Das verbotene Buch von Ahmet Sik ist überall in der Türkei zu kaufen und stand wochenlang ganz oben auf der Bestseller-Liste. Das freut den Autor, aber es hilft ihm nicht. Er sitzt nach wie vor in Haft, mit streng geregelten Besuchszeiten:

"Also, ich hab die Möglichkeit, einmal in der Woche ihn zu besuchen, 30 Minuten hinter einem Fenster. Zwei Scheiben haben wir und dann dürfen wir mit dem Telefon reden. Und einmal im Monat eine Stunde dürfen wir dann an einem Tisch sitzen und nur die Hände halten; wir dürfen da nicht nebeneinander sitzen, und einmal in der Woche darf er zehn Minuten telefonieren."

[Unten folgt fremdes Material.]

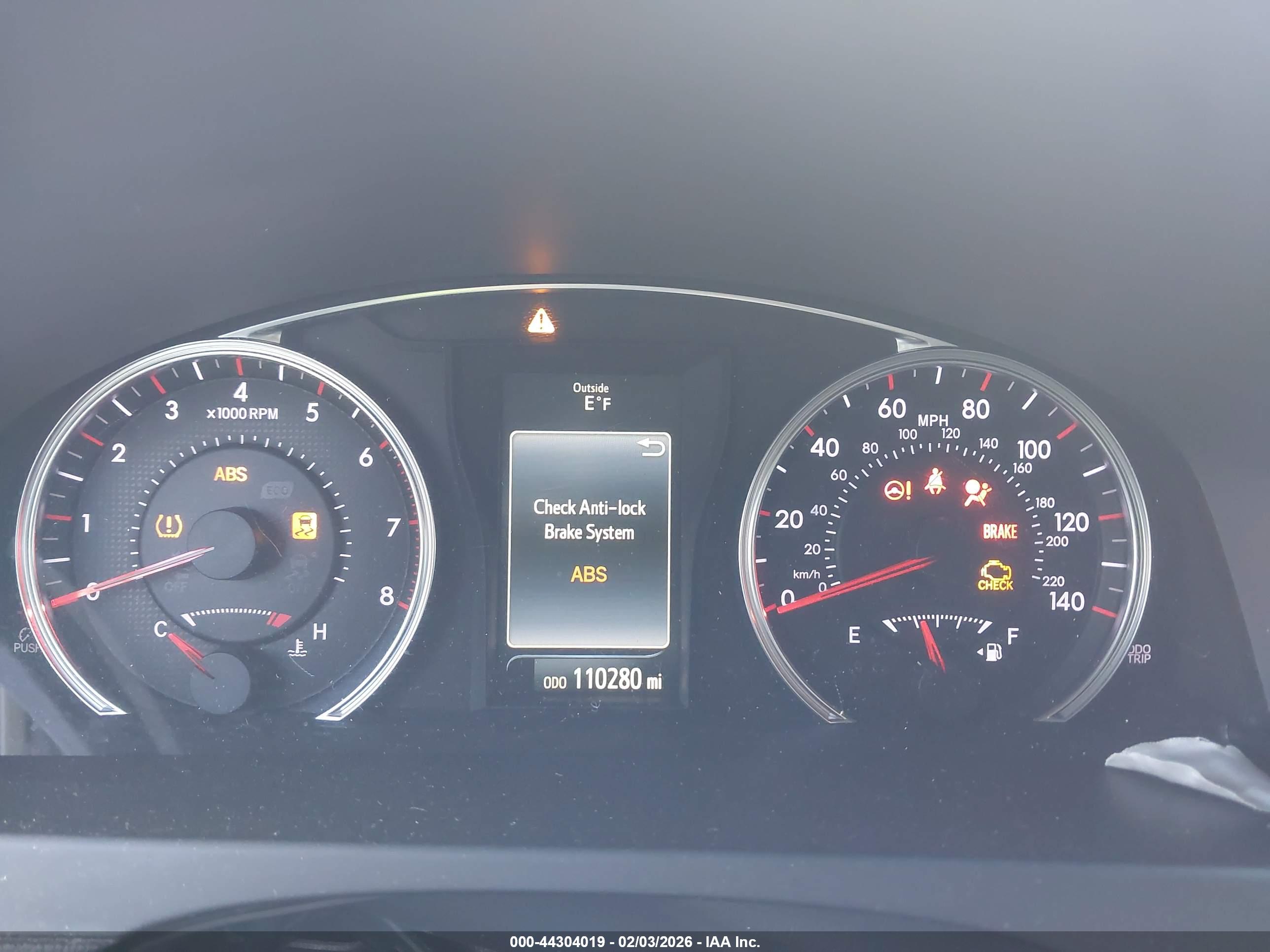 TOYOTA CAMRY image 7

... alles strengstens geregelt. Und wie geht es ihm dabei?

"Es geht ihm sehr gut. Er ist natürlich sehr wütend. Aber diese Wut macht ihn auch sehr, sehr stark."

Besonders schwer aber war es für ihn, dass er auch am zwölften Geburtstag seiner Tochter in der Gefängniszelle saß:

"Es ist natürlich nicht einfach für ein Kind, das irgendwie zu verstehen. Sie meinte, dass ihr Vater von jetzt ab nicht mehr schreiben soll; er soll nur noch Märchenbücher schreiben. Aber, es geht ihr schon gut, also, wenn die Mama weint, dann weint sie auch, mit Solidarität und so geht es mir wirklich sehr gut, also, wir stehen das schon durch."